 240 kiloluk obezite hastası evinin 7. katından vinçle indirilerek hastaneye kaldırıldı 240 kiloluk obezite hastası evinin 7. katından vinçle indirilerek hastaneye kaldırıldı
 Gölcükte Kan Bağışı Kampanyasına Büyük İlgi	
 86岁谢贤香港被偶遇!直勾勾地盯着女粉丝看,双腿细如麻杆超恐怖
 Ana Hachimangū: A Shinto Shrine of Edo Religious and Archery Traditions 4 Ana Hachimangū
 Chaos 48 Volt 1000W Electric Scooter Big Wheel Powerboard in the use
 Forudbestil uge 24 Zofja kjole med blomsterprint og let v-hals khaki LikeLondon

◇ ◇ ◇ ◇ ◇ ◇ ◇

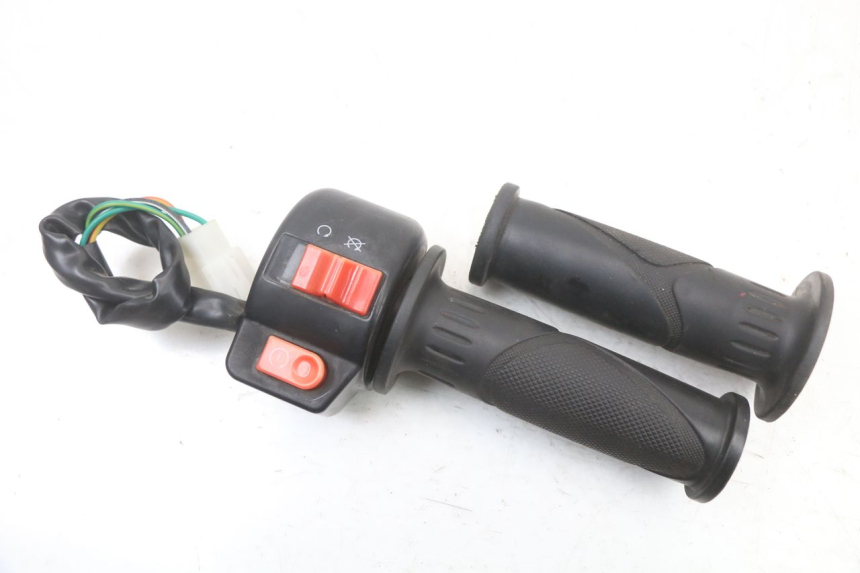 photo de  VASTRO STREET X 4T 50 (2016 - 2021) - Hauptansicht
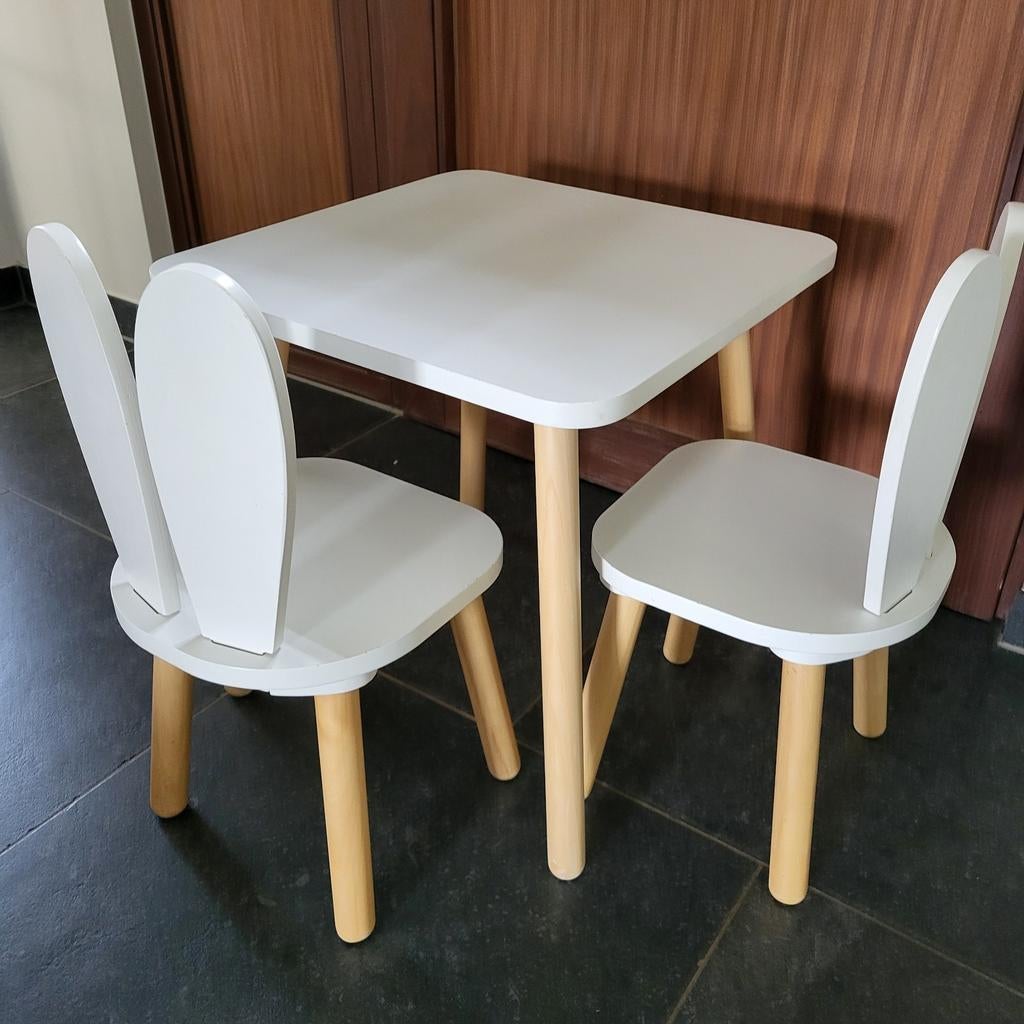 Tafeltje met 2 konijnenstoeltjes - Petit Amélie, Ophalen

◇ ◇ ◇ ◇ ◇ ◇ ◇

## What to produce
Above are the records; from them, give again exactly the lines from the one containing "hastaneye kaldırıldı 240" to the one containing "Forudbestil uge 24", both lines included, and nothing more.

## Expected answer
 240 kiloluk obezite hastası evinin 7. katından vinçle indirilerek hastaneye kaldırıldı 240 kiloluk obezite hastası evinin 7. katından vinçle indirilerek hastaneye kaldırıldı
 Gölcükte Kan Bağışı Kampanyasına Büyük İlgi	
 86岁谢贤香港被偶遇!直勾勾地盯着女粉丝看,双腿细如麻杆超恐怖
 Ana Hachimangū: A Shinto Shrine of Edo Religious and Archery Traditions 4 Ana Hachimangū
 Chaos 48 Volt 1000W Electric Scooter Big Wheel Powerboard in the use
 Forudbestil uge 24 Zofja kjole med blomsterprint og let v-hals khaki LikeLondon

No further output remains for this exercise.